» **Required action**:
An exact reproduction of the records is required. Images must be left out.

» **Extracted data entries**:
────────────────────

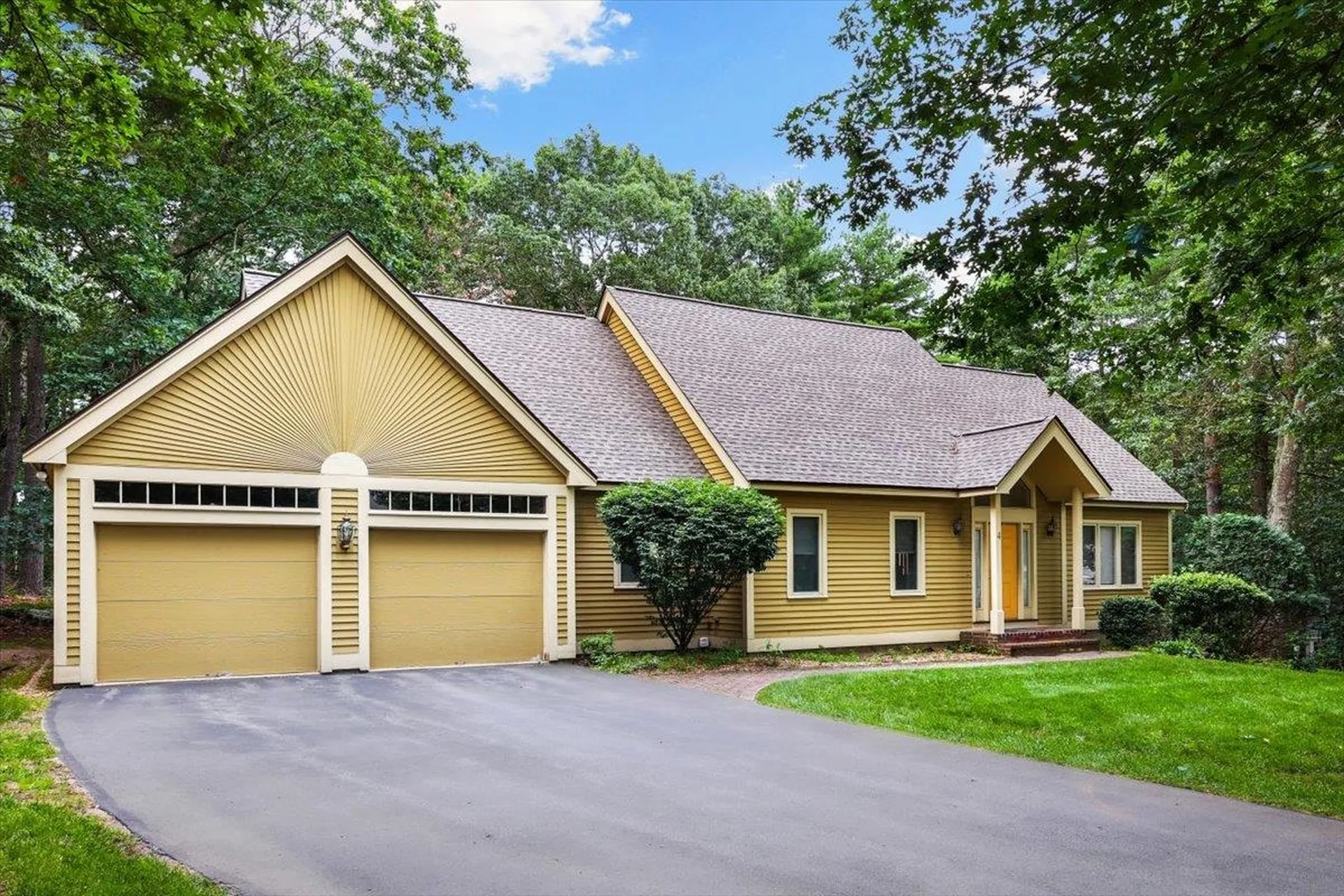 4 Jenny Hill Lane Nashua NH 03062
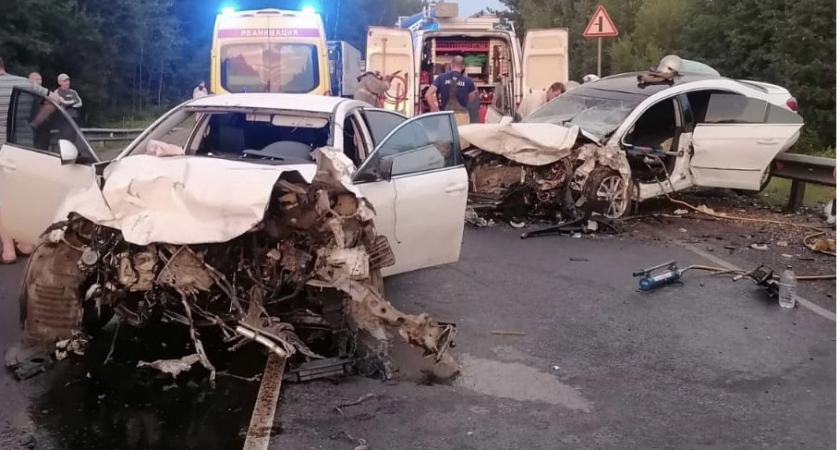 Машины превратились в груду металла: в Слободском районе столкнулись два встречных авто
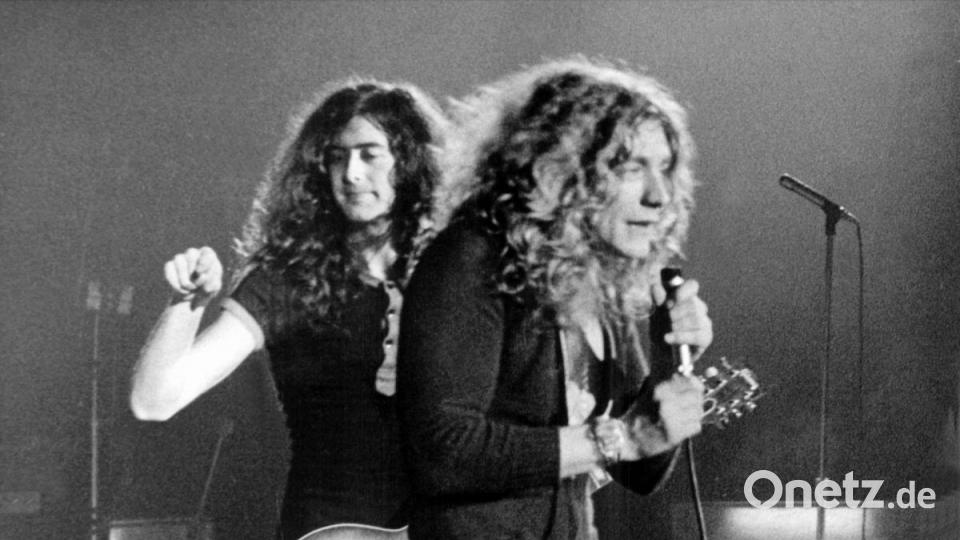 Leadsänger Robert Plant (r) und Gitarrist Jimmy Page stehen 1970 bei einem Auftritt der britischen Rockgruppe Led Zeppelin im München auf der Bühne. Bild: agentur_dpa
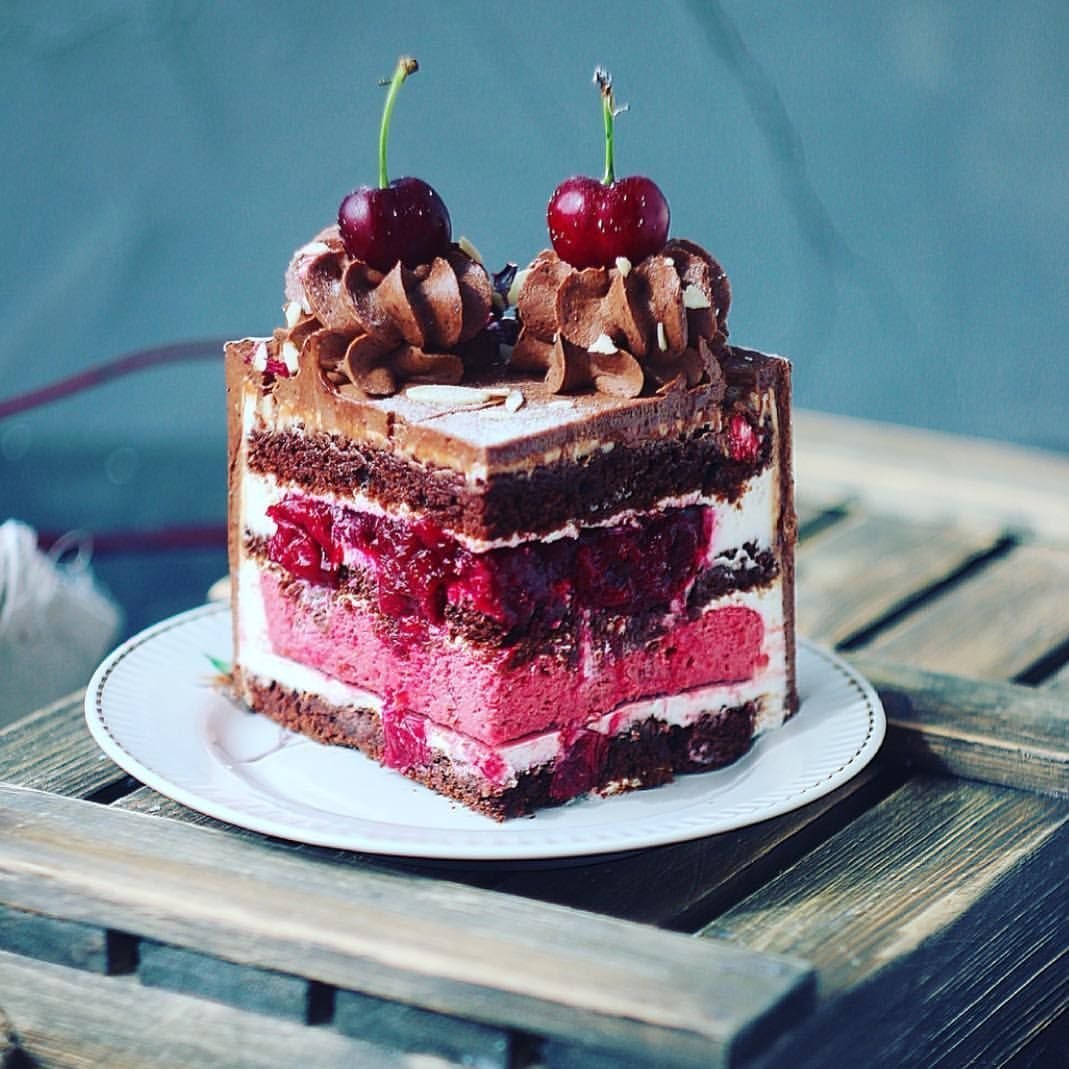 Шварцвальдский вишневый торт Schwarzwälder Kirschtorte
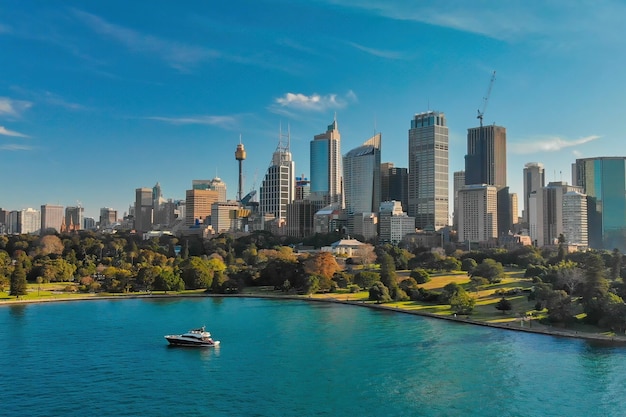 Luchtfoto van de skyline van Sydney vanaf de haven van Sydney.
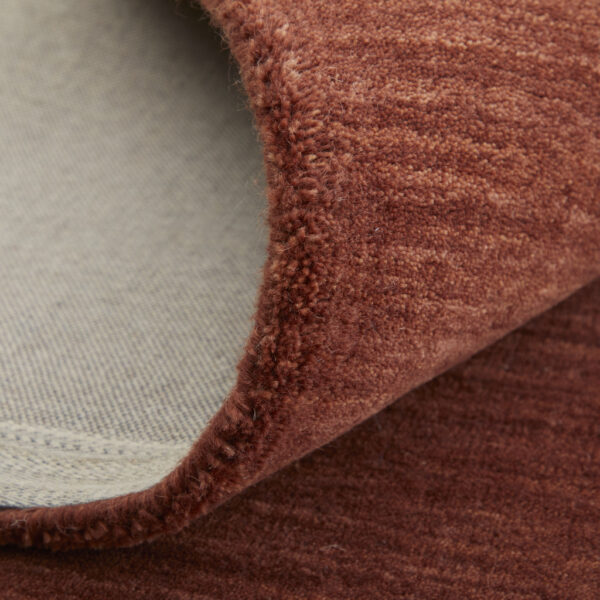 10' Orange And Red Round Wool Hand Woven Stain Resistant Area Rug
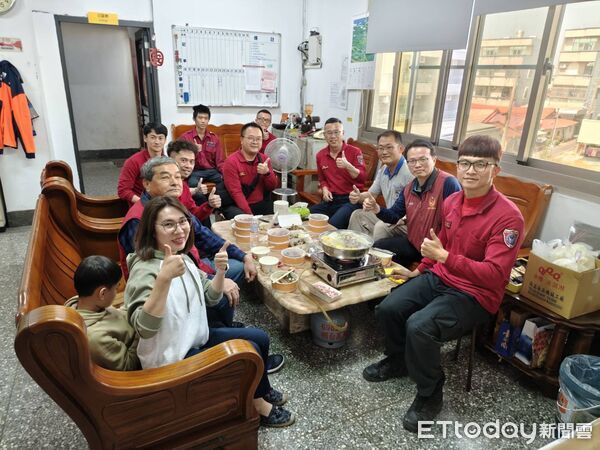 ▲台南市消防局第二大隊與消防之友會第二辦事處春節前夕前往轄區分隊慰勞,發放慰勞金及禮品,感謝消防人員堅守崗位。(圖/記者林東良翻攝,下同)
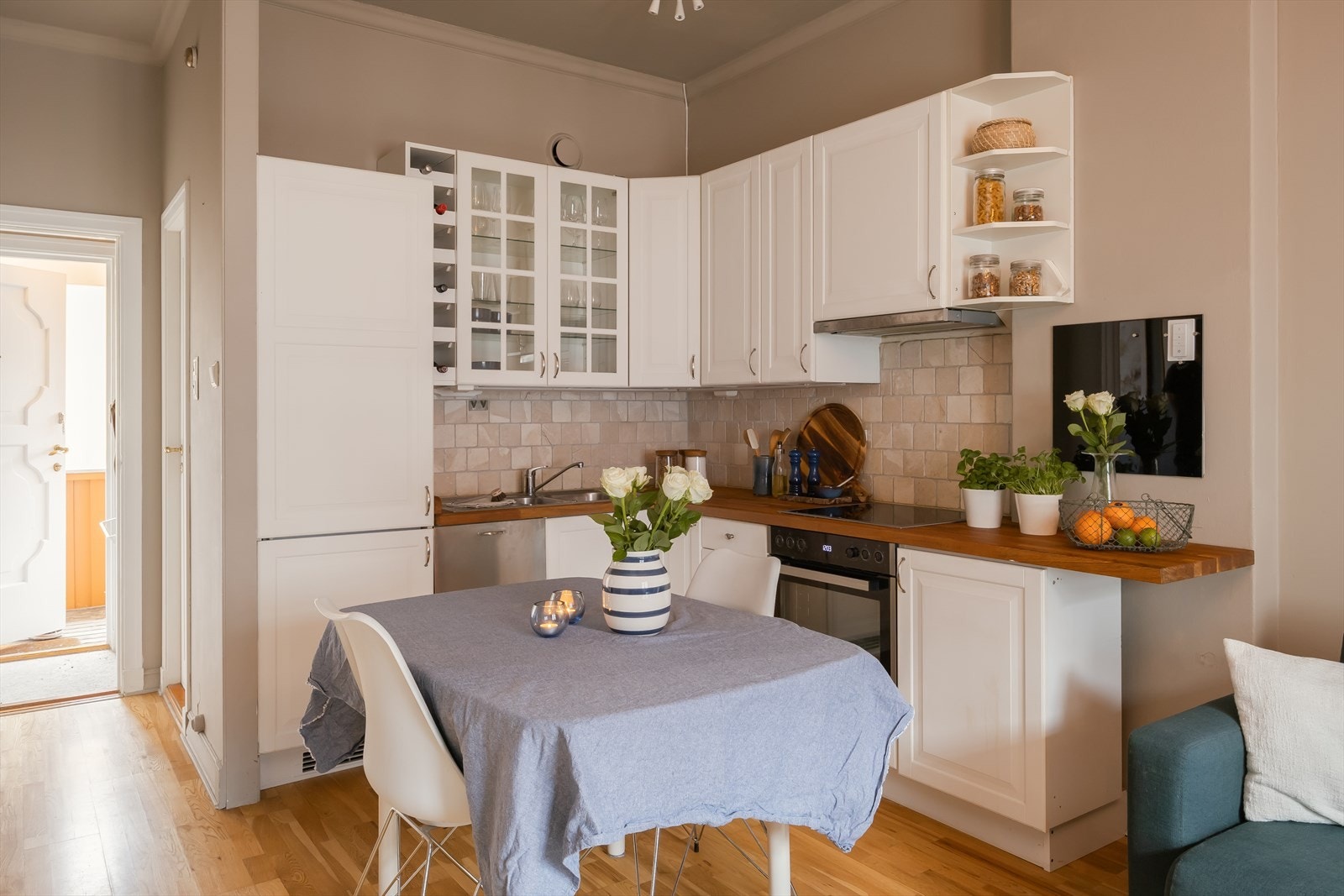 Tidløst hjørnekjøkken med tilstandsgrad 1 fra takstmann. Galleribilde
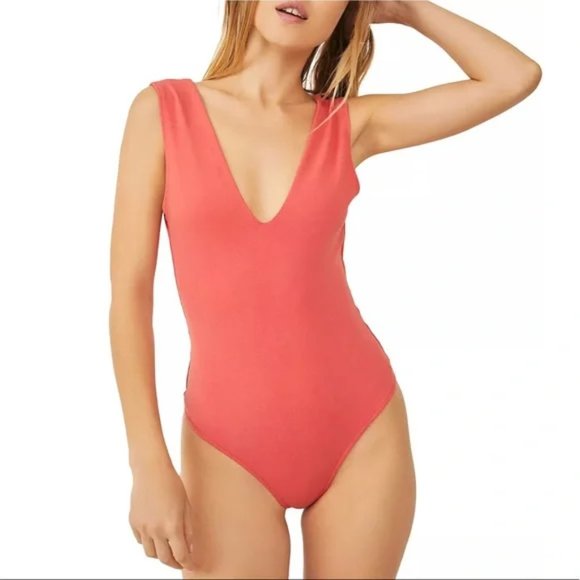 Free People Keep It Sleek Bodysuit Pink Poinsetta NWT Size Small - Picture 2 of 3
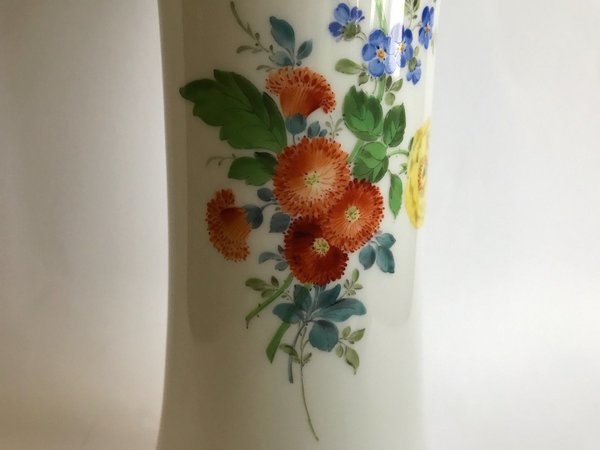 Antike Meissen Vase mit Blumendekor beidseitige Handmalerei neuwertiger Zustand !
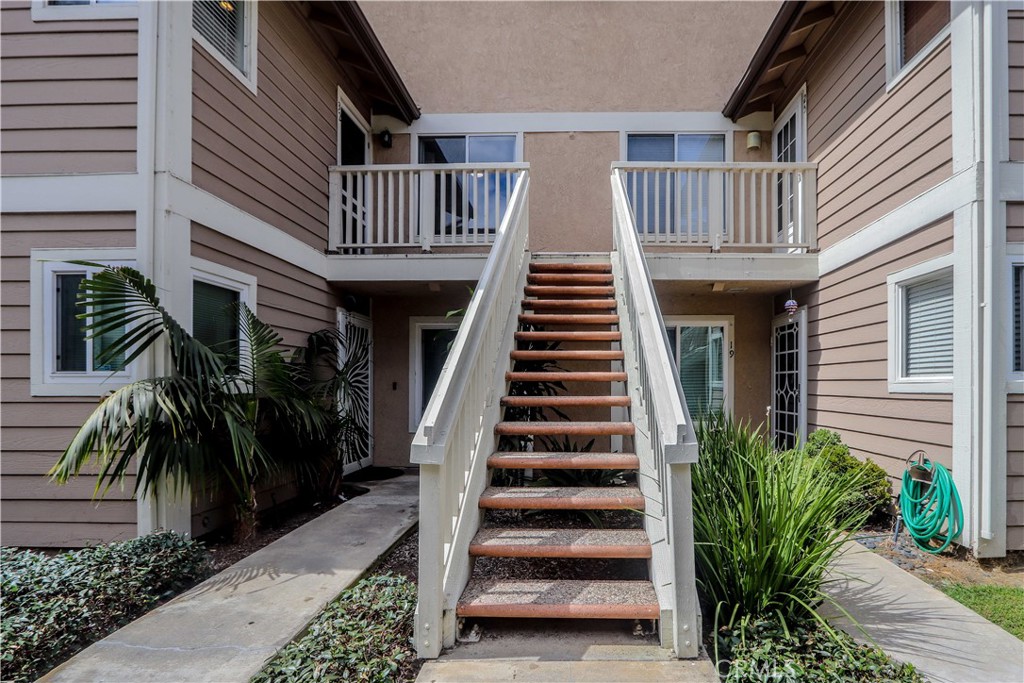 6962 Brightwood Lane 32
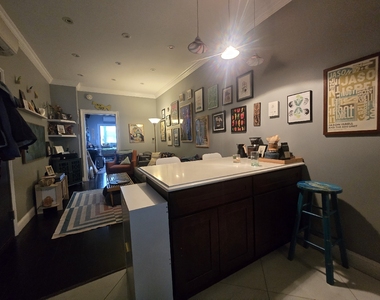 1867 Bleecker Street - Photo Thumbnail 11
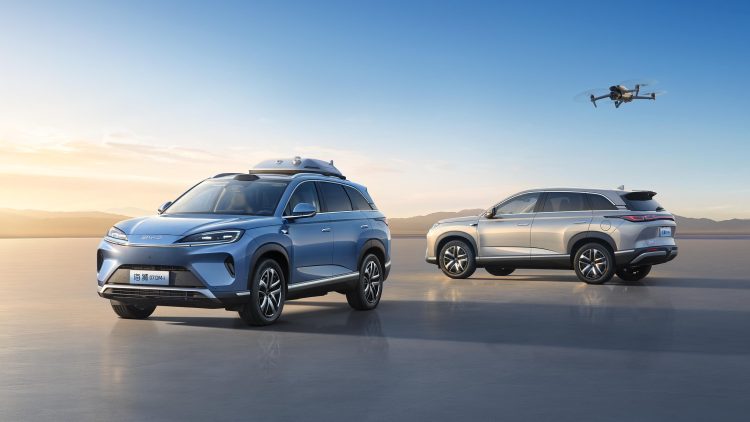 How to Accelerate the Adoption of Electric Vehicles with Cutting-Edge Technologies and Break the Market Barriers of Traditional Cars?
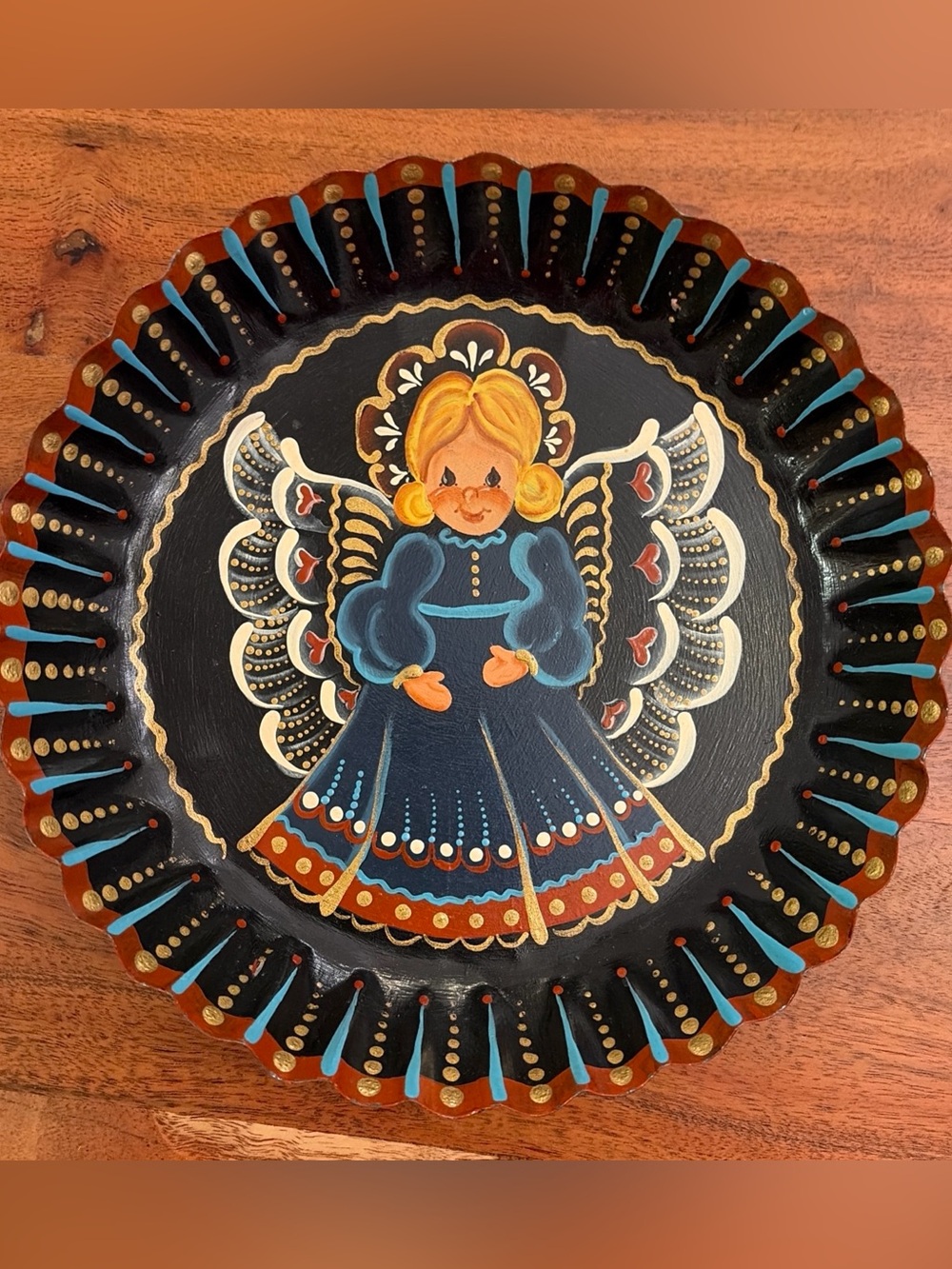 Vintage 1982 Hand Painted Tole Folk Art Angel Tin Tart Pan 8.5" Signed Christmas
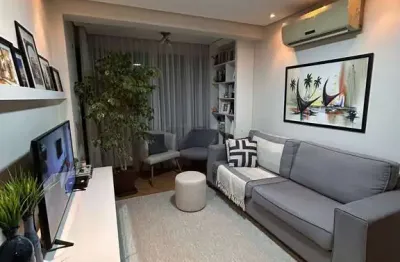 Apartamento à venda com 2 quartos e 55m² no bairro cristal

────────────────────

» **Reply to the exercise**:
 4 Jenny Hill Lane Nashua NH 03062
 Машины превратились в груду металла: в Слободском районе столкнулись два встречных авто
 Leadsänger Robert Plant (r) und Gitarrist Jimmy Page stehen 1970 bei einem Auftritt der britischen Rockgruppe Led Zeppelin im München auf der Bühne. Bild: agentur_dpa
 Шварцвальдский вишневый торт Schwarzwälder Kirschtorte
 Luchtfoto van de skyline van Sydney vanaf de haven van Sydney.
 10' Orange And Red Round Wool Hand Woven Stain Resistant Area Rug
 ▲台南市消防局第二大隊與消防之友會第二辦事處春節前夕前往轄區分隊慰勞,發放慰勞金及禮品,感謝消防人員堅守崗位。(圖/記者林東良翻攝,下同)
 Tidløst hjørnekjøkken med tilstandsgrad 1 fra takstmann. Galleribilde
 Free People Keep It Sleek Bodysuit Pink Poinsetta NWT Size Small - Picture 2 of 3
 Antike Meissen Vase mit Blumendekor beidseitige Handmalerei neuwertiger Zustand !
 6962 Brightwood Lane 32
 1867 Bleecker Street - Photo Thumbnail 11
 How to Accelerate the Adoption of Electric Vehicles with Cutting-Edge Technologies and Break the Market Barriers of Traditional Cars?
 Vintage 1982 Hand Painted Tole Folk Art Angel Tin Tart Pan 8.5" Signed Christmas
 Apartamento à venda com 2 quartos e 55m² no bairro cristal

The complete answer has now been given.